Winkelfehlsichtigkeit: Die Symptome
Oft nehmen diese Symptome im Laufe des Tages oder bei visueller Belastung zu. Dabei kommt es bei einer Heterophorie, ähnliche wie bei einem sichtbaren Schielen, zu folgenden Beschwerden:
- Gerötete und tränende Augen
- Schwere Augenlider
- Unwohlsein
- Schnelles Ermüden
- Verschwommenes Sehen
- Kopfschmerzen
- Wahrnehmung von Doppelbilder, gerade im Nahbereich
Winkelfehlsichtigkeit: Die Diagnose
Inzwischen gibt es relativ gute Sehtests mit denen man eine Heterophorie diagnostizieren kann. Sowohl eine Prüfung auf Winkelfehlsichtigkeit mit der Mess- und Korrektionsmethode nach Haase oder eine Prüfung auf Winkelfehlsichtigkeit ermitteln Werte, an denen man sehen kann, wie hoch der Schielwinkel ist. Dabei wird in der Korrektureinheit cm/m ermittelt, inwieweit die Bildlagen der beiden Augen zueinander verschoben sind. Diese Korrekturwerte sind Grundlage für eine Therapie mittels prismatischer Gläser.
Winkelfehlsichtigkeit: Die Therapie
Auch im Rahmen der Therapie einer Heterophorie kommt es unter Optiker oder zwischen Augenoptikern und Augenärzten zu unterschiedlichen Meinungen. Dabei geht es immer um die Frage, ob Prismengläser als geeignete Therapie einer Winkelsichtigkeit in Frage kommen und wie sie dann eingesetzt werden.
Pro Prismengläser
Da es sich bei einer Winkelfehlsichtigkeit um eine brechungsbasierte Fehlsichtigkeit handelt, kann man diese problemlos mit einer Brille mit prismatischen Brillengläsern korrigieren.
Prismengläser zeichnen sich dadurch aus, dass das Brillenglas in eine Richtung etwas stärker wird. Achten Sie auch beim Kauf von Gleitsichtbrillen darauf, dass eine Winkelfehlsichtigkeit getestet wird. Auch im Bereich der Gleitsichtgläser gibt es Modelle für prismatische Fehlsichtigkeiten wie die Winkelfehlsichtigkeit.
Contra Prismengläser
Der Berufsverband der Augenärzte Deutschlands (BVA) hält von nichts von einer Therapie einer Winkelfehlsichtigkeit mit Prismenbrillen.
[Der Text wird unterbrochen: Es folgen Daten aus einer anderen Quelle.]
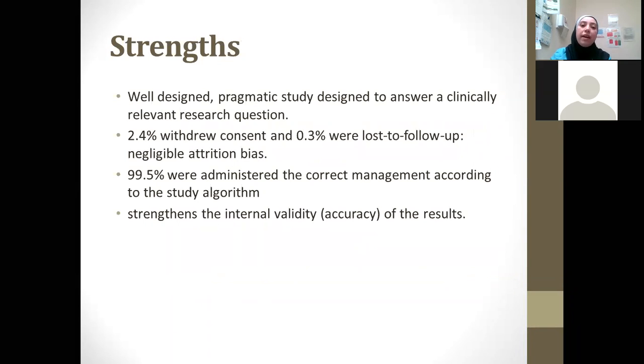Regarding the strengths of this study: it was a well-designed, pragmatic study addressing a clinically relevant research question. Only 2.4% withdrew consent and a negligible number were lost to follow-up, representing minimal attrition bias. 99.5% were administered the correct management according to the study algorithm, meaning the controlled trial worked as intended and strengthens the internal validity of the results.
Augenärzte weisen immer wieder darauf hin, dass die Augen der Patienten sich nach einiger Zeit an die Prismengläser gewöhnen und dann langsam in den ursprünglichen Zustand und auch die Ermüdung zurückkehren.
Um eine erneute subjektiv empfundene Erholung zu erzielen, beginnt die „Therapie“ von Neuem, allerdings sind nun stärkere Prismen nötig. Die Gläser werden schwerer, und der Aufwand für das beidäugige Sehsystem, mit dieser neuen Änderung zurechtzukommen, wird laut BVA größer. Nur in ausgesuchten Fällen werden Prismengläser auch therapeutisch, das heißt für längere Zeit genutzt.
Quellen:
Buser, A. & Friedburg, D. & Lachenmayr, B.: Auge – Brille – Refraktion. Georg Thieme Verlag, Stuttgart, 5. Auflage, 2016.
Dietze, H.: Die optometrische Untersuchung. Georg Thieme Verlag, Stuttgart, 2. Auflage, 2015.